12 luglio 2017

«Migranti», un’opportunità per l'Italia e per l'UE



La discussione sui «migranti» si fa sempre più accesa e confusa in Italia e nell’Unione europea (UE). La prima rischia di essere sopraffatta dalla marea degli arrivi e soprattutto dalle esigenze successive alla prima accoglienza. L’UE è bloccata dagli egoismi nazionalisti di molti suoi membri per cui non riesce a darsi una politica comune in materia d’asilo e ancor meno in materia d’immigrazione e d’integrazione. Anche la terminologia indica grande confusione, perché si parla quasi indifferentemente di migranti, immigrati, profughi, disperati, rifugiati, clandestini, irregolari, richiedenti l’asilo, soccorso (in mare), sbarchi, invasione, accoglienza (nei porti di sbarco), respingimento, ricollocazione, smistamento, mentre sono quasi completamente assenti nei media termini fondamentali come rispetto, protezione,  accoglienza (umana e cristiana), solidarietà, giustizia, generosità, integrazione, formazione, aiuto (finanziario) al ritorno delle persone interessate a rientrare volontariamente
nel proprio Paese, ecc.

Dov’è la solidarietà europea?
Profughi-migranti: come e dove aiutarli?
Le cronache sui salvataggi in mare e sugli sbarchi delle persone salvate sono quotidiane. Dopo la chiusura della cosiddetta «rotta balcanica» ad opera della Turchia (grazie a un ingente contributo finanziario dell’UE) la «rotta libica» dei barconi in partenza dalle coste della Libia e a rischio di naufragio (che per altro sono frequenti) è quella maggiormente seguita. Il principale se non l’unico approdo delle navi di soccorso è l’Italia, che rischia però di non riuscire ad accogliere tutte le persone salvate e già si parla di «emergenza immigrazione».
Di fronte agli arrivi inarrestabili, l’Italia ha chiesto inutilmente la solidarietà dell’UE. Le è stata assicurata a parole, persino con grandi elogi per lo sforzo che sta facendo nell’accogliere così tanti «migranti», ma non coi fatti (anche perché, a quanto sembra, è stata l’Italia a chiedere e ottenere che i migranti arrivassero tutti in Italia). I Paesi dell’Europa meridionale Francia e Spagna, che potrebbero alleggerire il carico dei porti italiani, hanno fatto sapere che i loro porti non sono disponibili per questi carichi umani.
La debolezza dell’UE è palese perché non riesce a imporre a tutti i suoi membri nemmeno un comportamento omogeneo in materia di prima accoglienza (anzi consente di erigere ingiustificate barriere), ma soprattutto perché non sembra in grado di elaborare e attuare una politica comune d’immigrazione e d’integrazione. L’onere della prima accoglienza di questa massa umana che fugge da Paesi massacrati dal sottosviluppo e dalla miseria (per lo più ex colonie dell’opulento Occidente!) è lasciato prevalentemente all’Italia.
La situazione «migratoria» italiana rischia di diventare ingestibile non perché «l’invasione dei migranti» sia una specie di calamità naturale, ma perché questo Paese di lunghissima esperienza emigratoria, sembra non averne alcuna immigratoria (nonostante siano almeno quarant’anni che gli immigrati, regolari e irregolari, arrivino in Italia). In questo ampio lasso di tempo non ha mai provveduto a elaborare un’articolata politica immigratoria, fatta sì di accoglienza ma soprattutto d’integrazione e di formazione sociale e professionale. Le uniche alternative che trovano eco sui media sembrano essere «chiudiamo le frontiere» (come vorrebbe la Lega) o «aiutiamoli a casa loro» (perché, sostiene Matteo Renzi, «noi non abbiamo il dovere morale di accoglierli»). Cinismo? Miopia? Forse l’uno e l’altra.

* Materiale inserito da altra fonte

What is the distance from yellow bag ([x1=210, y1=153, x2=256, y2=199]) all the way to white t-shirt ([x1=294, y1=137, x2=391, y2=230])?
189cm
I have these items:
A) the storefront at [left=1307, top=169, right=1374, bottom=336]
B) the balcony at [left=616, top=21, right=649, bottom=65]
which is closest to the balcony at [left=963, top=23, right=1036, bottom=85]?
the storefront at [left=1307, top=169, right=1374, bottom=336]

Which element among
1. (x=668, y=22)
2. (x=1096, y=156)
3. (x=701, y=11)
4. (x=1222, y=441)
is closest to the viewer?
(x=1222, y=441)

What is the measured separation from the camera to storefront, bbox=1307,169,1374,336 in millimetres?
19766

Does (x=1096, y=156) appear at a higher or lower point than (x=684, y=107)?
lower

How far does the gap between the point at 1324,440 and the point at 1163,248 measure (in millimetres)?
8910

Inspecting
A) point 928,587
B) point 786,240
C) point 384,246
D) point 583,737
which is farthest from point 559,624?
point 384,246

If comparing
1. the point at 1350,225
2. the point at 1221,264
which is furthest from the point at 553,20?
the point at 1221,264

Un’opportunità per l’Italia e l’UE
Chi scrive non ha evidentemente alcuna soluzione del problema da proporre, ma ritiene che essa debba esistere perché l’Europa dalle radici cristiane, costituita in parte da ex Paesi coloniali (!), ricca e con un grande potenziale di ulteriore sviluppo non può rassegnarsi a veder morire in mare esseri umani in cerca di aiuto o condannarli al loro destino respingendoli.
Al punto in cui si è giunti la soluzione va comunque trovata a livello europeo, sia intervenendo nei Paesi di provenienza dei «profughi» (perché tali sono coloro che vengono soccorsi in mare) con un progetto di sviluppo massiccio tipo «piano Marshall» e sia elaborando ed attuando in Europa una politica coordinata di accoglienza prima e d’integrazione dopo.
Purtroppo ci si è limitati finora nei vari Paesi, ma soprattutto in Italia, ad organizzare la prima accoglienza dei profughi, la loro identificazione e la loro classificazione (sperando di poterne riaccompagnare qualcuno al loro Paese e smistarne il più possibile nel resto d’Europa), ma non si è pensato al dopo. Manca a livello europeo un’autentica politica immigratoria e un’efficace politica d’integrazione, almeno per quella parte di profughi-immigrati che desidera restare per un tempo più o meno lungo in un Paese europeo.
Quanto alla politica d’immigrazione bisognerebbe partire da una osservazione facilmente verificabile: tutti i grandi Paesi (almeno quelli del G20) sono stati Paesi d’immigrazione. Tutti debbono in qualche misura la loro prosperità all’immigrazione. Perché l’UE non pensa a un proprio rilancio cogliendo questa straordinaria opportunità, sia pure governando meglio (non respingendo) i flussi immigratori?
Una delle condizioni perché questa opportunità si trasformi in prosperità reale è tuttavia una efficace politica d’integrazione e di formazione. Vivo in un Paese d’immigrazione, la Svizzera, che deve il proprio sviluppo e benessere anche al contributo di milioni di immigrati, e posso assicurare che almeno dagli anni Settanta del secolo scorso questo Paese ha sviluppato un’efficiente politica d’integrazione linguistica, sociale e professionale. Il risultato, il benessere raggiunto, è abbastanza evidente.